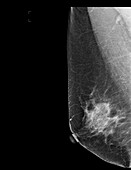 Normal mammogram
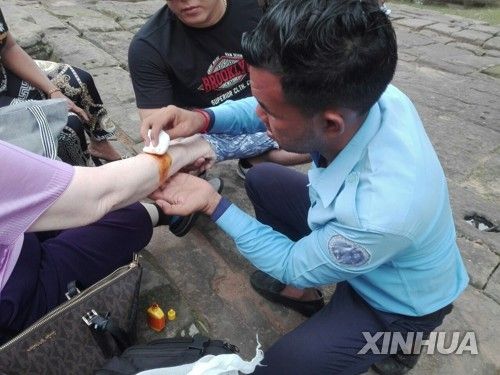 원숭이 때문에 부상한 앙코르와트 관광객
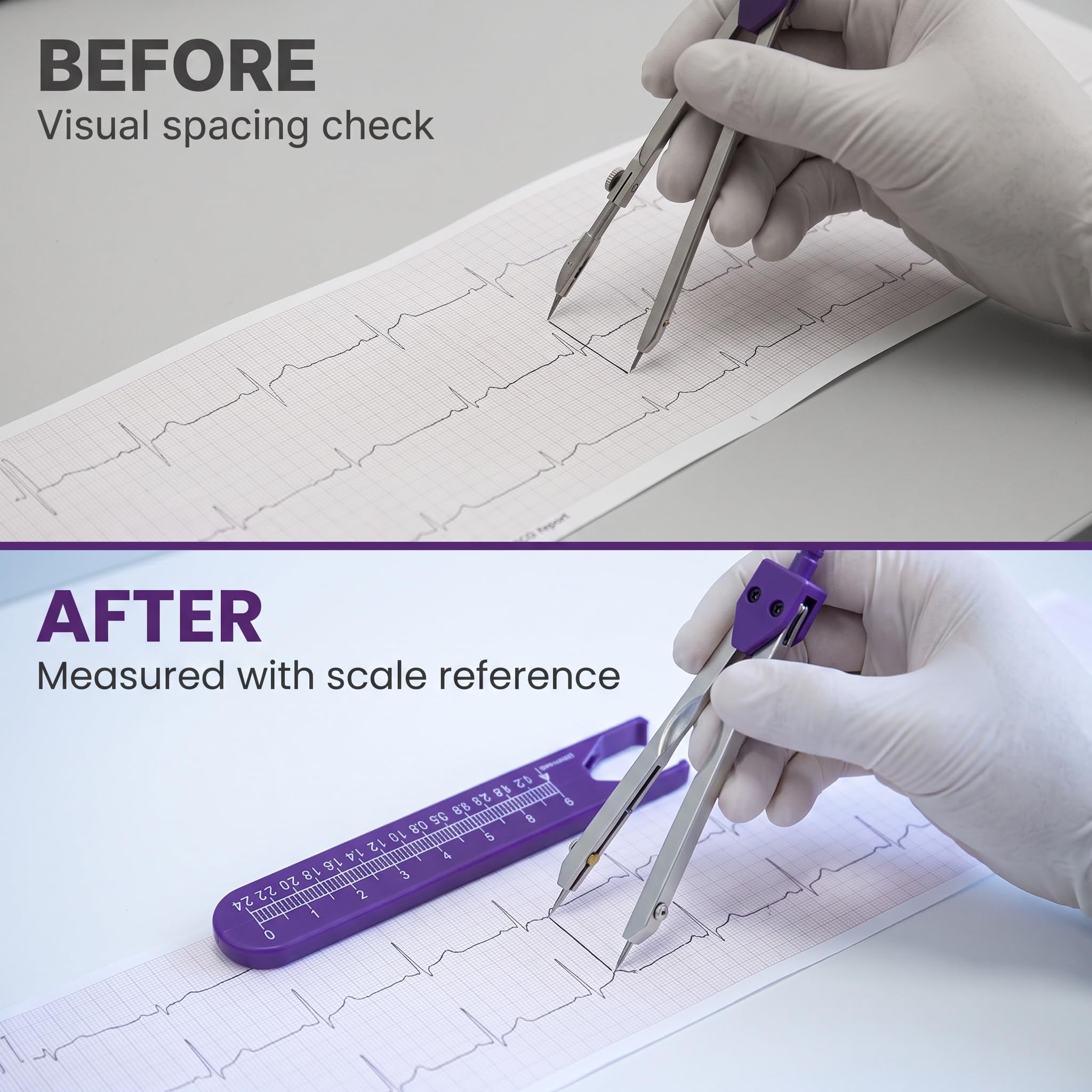 EKG Calipers - Precise Measurement Tool -8 EKG Calipers - Precise Measurement Tool -8
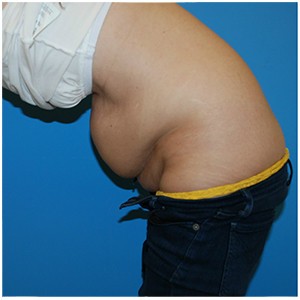 Abdominoplasty before and after - before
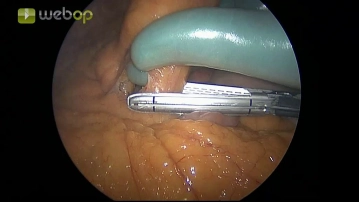Sección de la V. mesentérica inferior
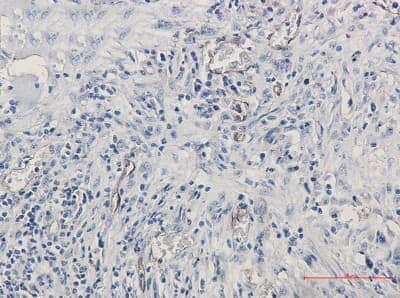 Immunohistochemistry-Paraffin: Endoglin/CD105 Antibody (S05-3H7) [NBP3-14875] - Immunohistochemistry of Endoglin/CD105 in paraffin-embedded Human lung cancer tissue using Endoglin/CD105 Rabbit mAb at dilution 1/50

EXERCISE BRIEF:
With pictures omitted, reproduce exactly the lines from the line containing "EKG Calipers - Precise Measurement Tool -8 EKG" through the end of the data above.

EXPECTED ANSWER:
 EKG Calipers - Precise Measurement Tool -8 EKG Calipers - Precise Measurement Tool -8
 Abdominoplasty before and after - before
Sección de la V. mesentérica inferior
 Immunohistochemistry-Paraffin: Endoglin/CD105 Antibody (S05-3H7) [NBP3-14875] - Immunohistochemistry of Endoglin/CD105 in paraffin-embedded Human lung cancer tissue using Endoglin/CD105 Rabbit mAb at dilution 1/50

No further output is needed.